▸ YOUR TASK:
Your job is to retype all of the data word for word, leaving every image out.

▸ MATERIAL PROVIDED:
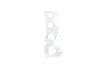 Фото Прокладка колектора випускного Citroen Berlingo/Peugeot Partner 1.4/1.6i 01 Peugeot/Citroen (0349L3) зображення 3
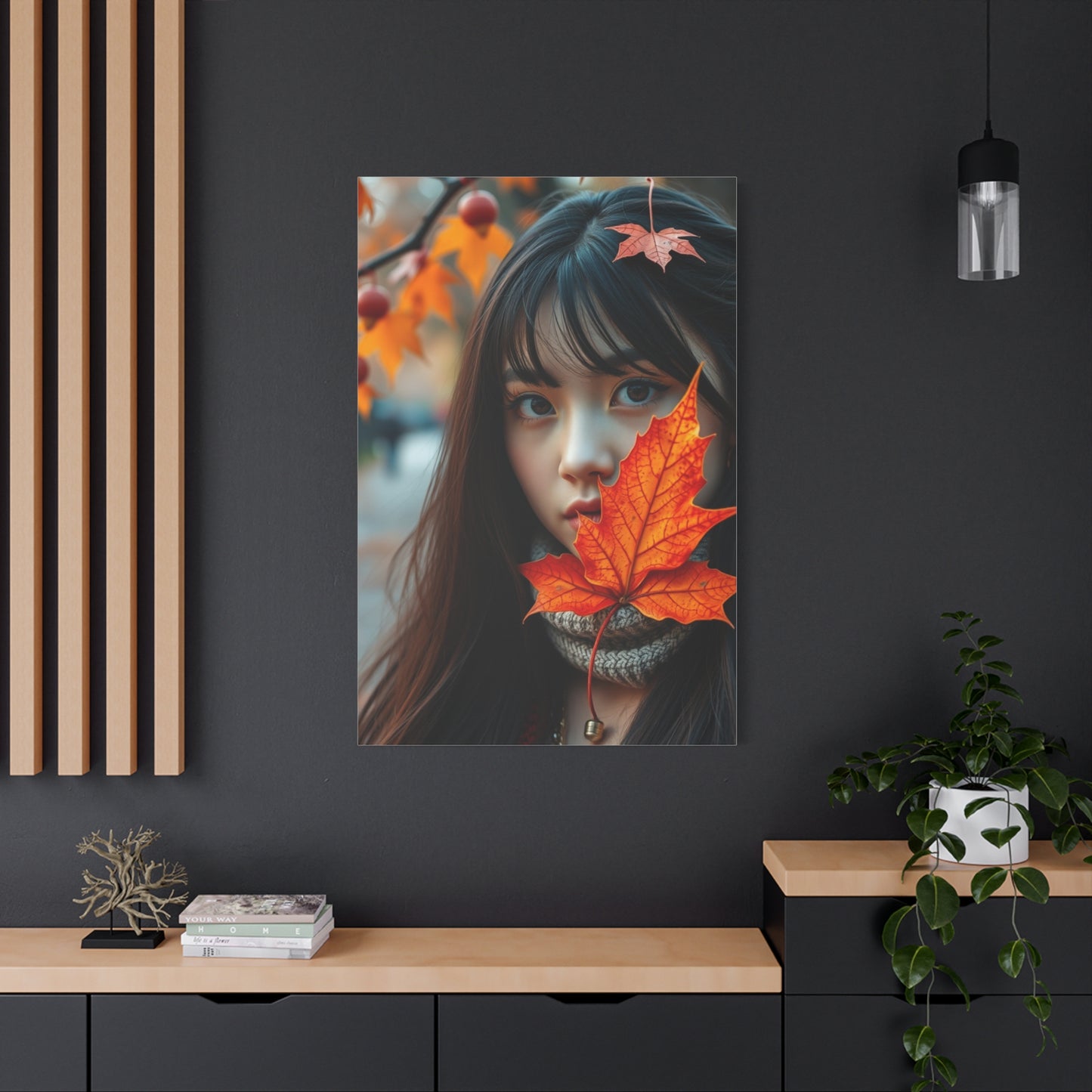 Autumn Art Supreme Canvas Wall Art & Canvas Print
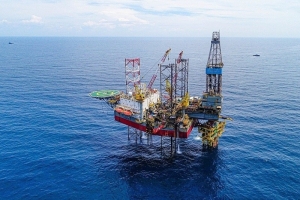 PV DRILLING VI - ‘Giàn khoan tốt nhất năm 2025’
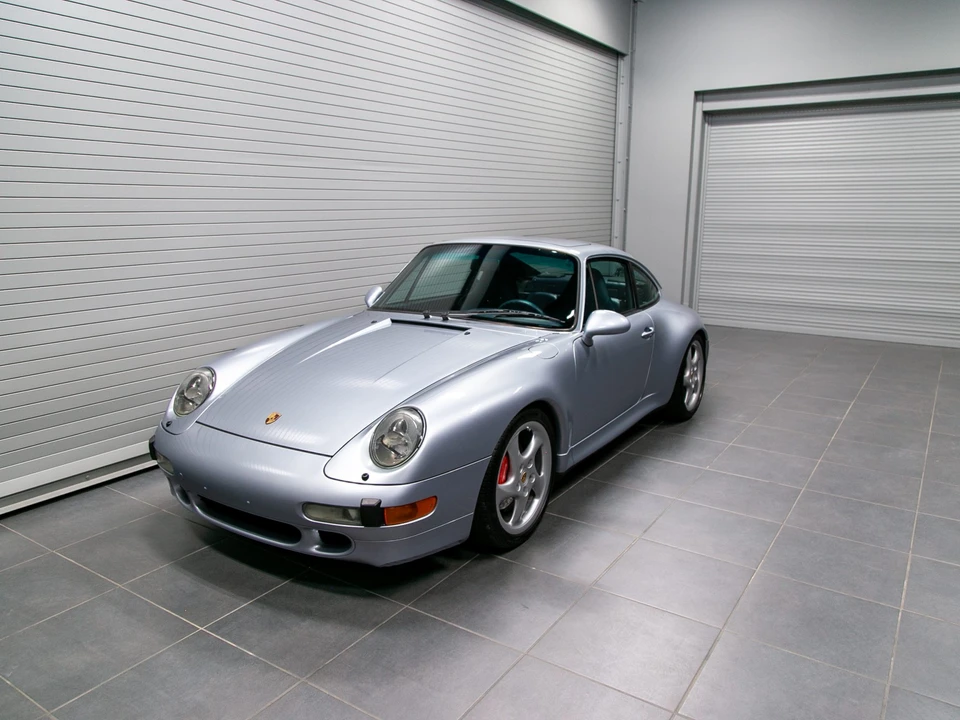 1996 Porsche 993 Carrera 4S - Image 5 of 31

▸ EXERCISE RESPONSE:
 Фото Прокладка колектора випускного Citroen Berlingo/Peugeot Partner 1.4/1.6i 01 Peugeot/Citroen (0349L3) зображення 3
 Autumn Art Supreme Canvas Wall Art & Canvas Print
 PV DRILLING VI - ‘Giàn khoan tốt nhất năm 2025’
 1996 Porsche 993 Carrera 4S - Image 5 of 31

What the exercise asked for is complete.